The content analysis task seems to have the most prominent representation in the set of datasets. In this case, approximately 30% of the semantics-related studies include more than 1K images. The majority of this percentage appears for isolated character recognition, which is reasonably the easiest case of samples one could obtain and manage in a database. In general, there is an emphasis on OCR, but the level of detail differs (character, word, or line). Retrieval further focuses on text on the word, image, or writer level. Likewise, there is a focus on Latin scripts. Still, there is also a high representation of Asian scripts and the least representation on Arabic scripts. Finally, there is more interest in paleography, but we lack the representation of digits and tables as content.

5 Conclusion

We demonstrated a survey of historical document image datasets following a systematic literature review methodology. We summarized 65 studies and clustered them considering the related general tasks that we defined. We list the datasets in a table, connecting them to their corresponding section, and mark the possible tasks they include. For every study, we tabulate detailed information about the statistics, tasks, document type, languages, input image visual aspects, annotations, and benchmark and quantitative performance analysis information. This way, we facilitate researchers in finding the most fitting datasets and enable historical document image analysis.

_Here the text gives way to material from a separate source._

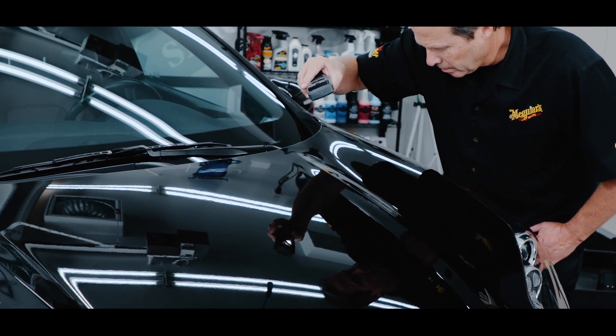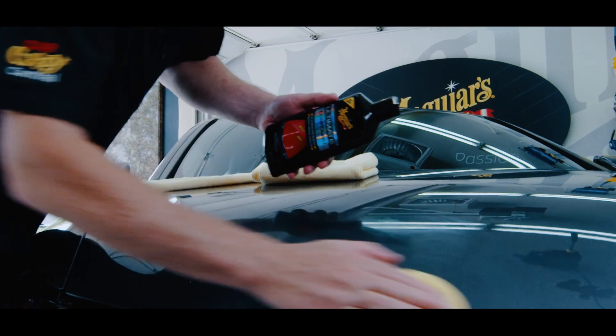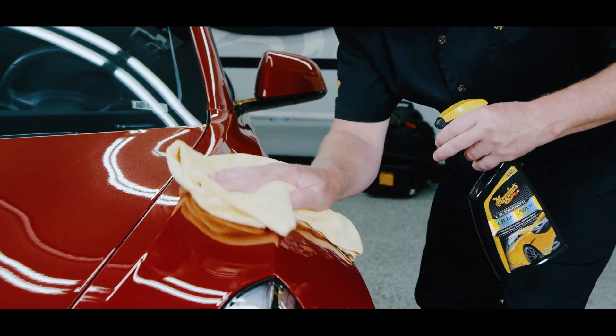For the paint, we recommend evaluating the surface to see if any pre-wax cleaning steps are needed, like claying or compounding. Next, consider using our polishes for maximum gloss, and then certainly apply a coat of your favorite Meguiar's wax for protection.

Table 2 Historical document image datasets with information about statistics, classes, tasks, language, document type, input visual aspects, ground truth, and benchmarks present in their original papers or competitions

Our findings unveil a focus on Latin scripts and several evaluation methods, but not much compliance with deep learning trends. A clear size limitation on dataset samples is also obvious. As future directions, we urge the need for large-scale datasets to apply state-of-the-art deep learning methods, the inclusion of more classification tasks using metadata information, and the harmonization of evaluation schemes for direct comparison across datasets.